- _Records_:
#####

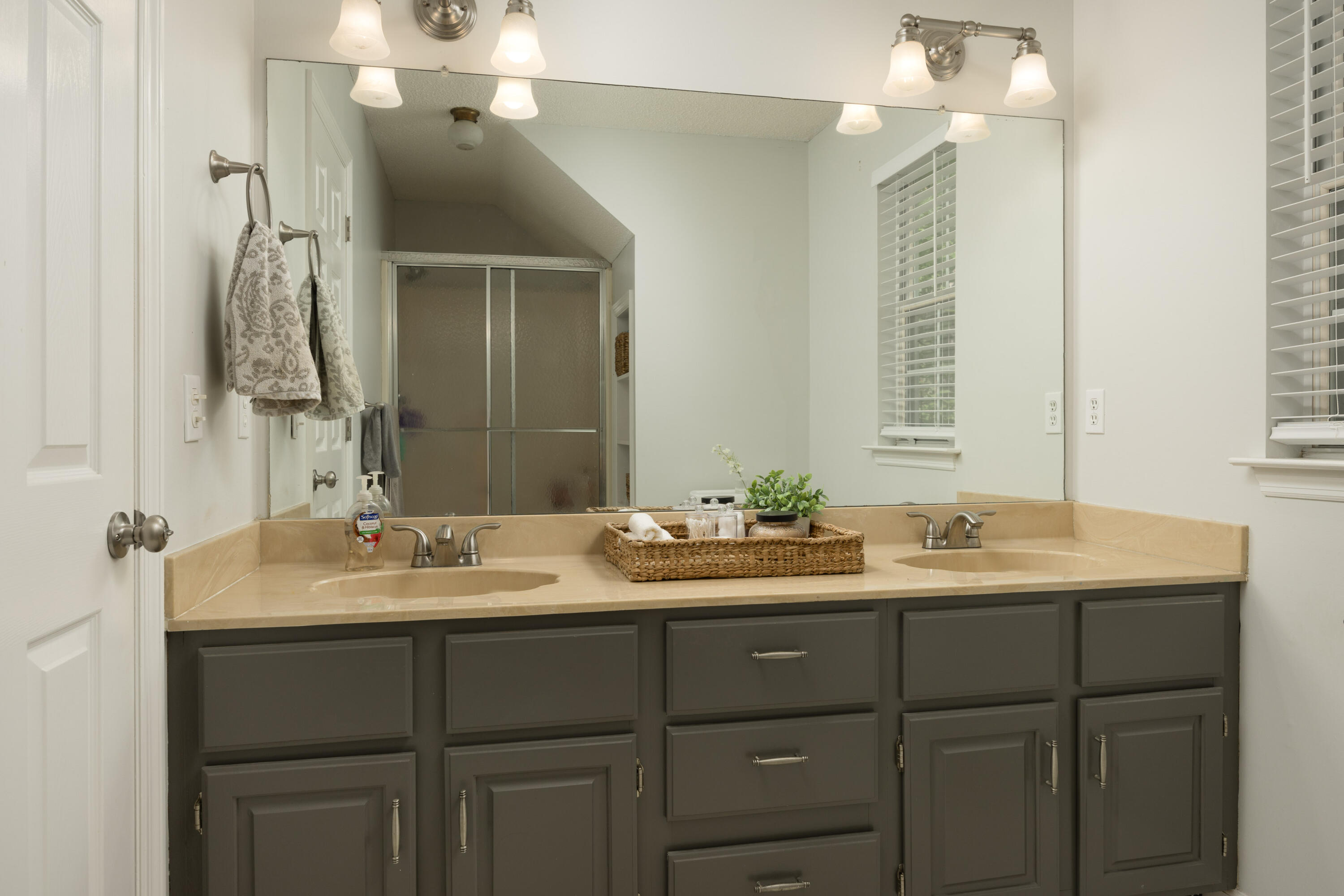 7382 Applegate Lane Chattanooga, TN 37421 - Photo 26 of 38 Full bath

#####

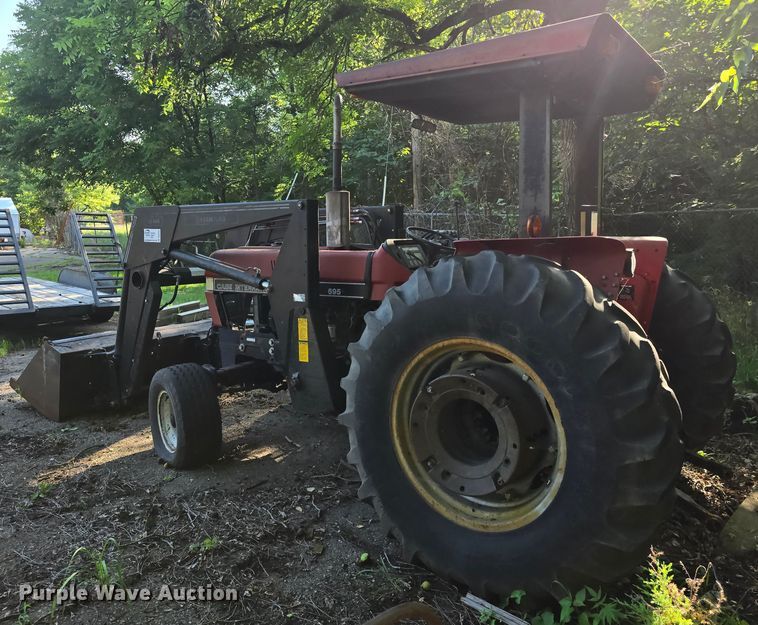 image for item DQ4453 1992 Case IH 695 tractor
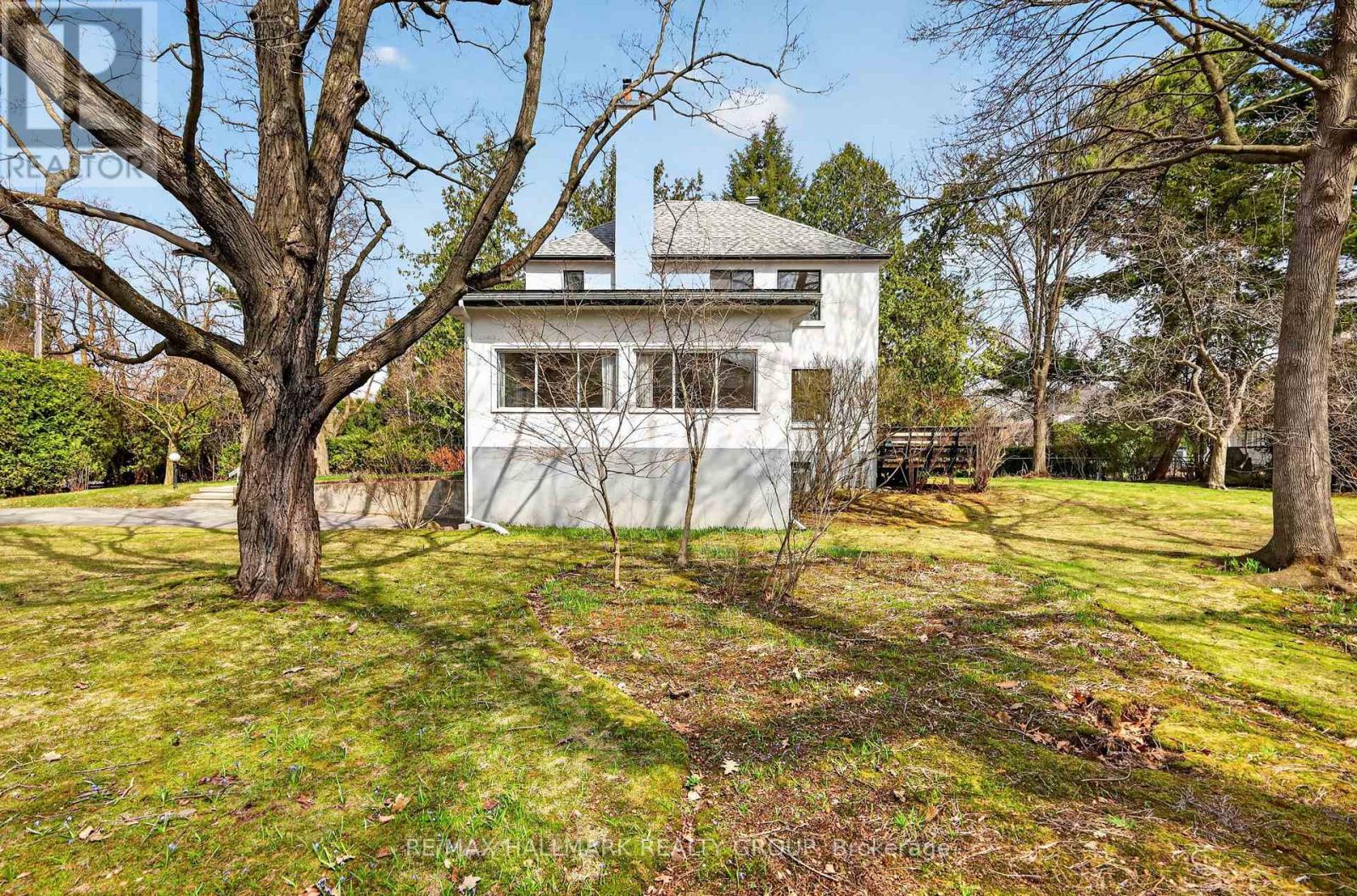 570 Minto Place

#####

- _Work item_: Go to the line above that contains "image for item" and reproduce everything exactly from there through the line that contains "570 Minto Place", leaving out the pictures.

- _Output below_:
 image for item DQ4453 1992 Case IH 695 tractor
 570 Minto Place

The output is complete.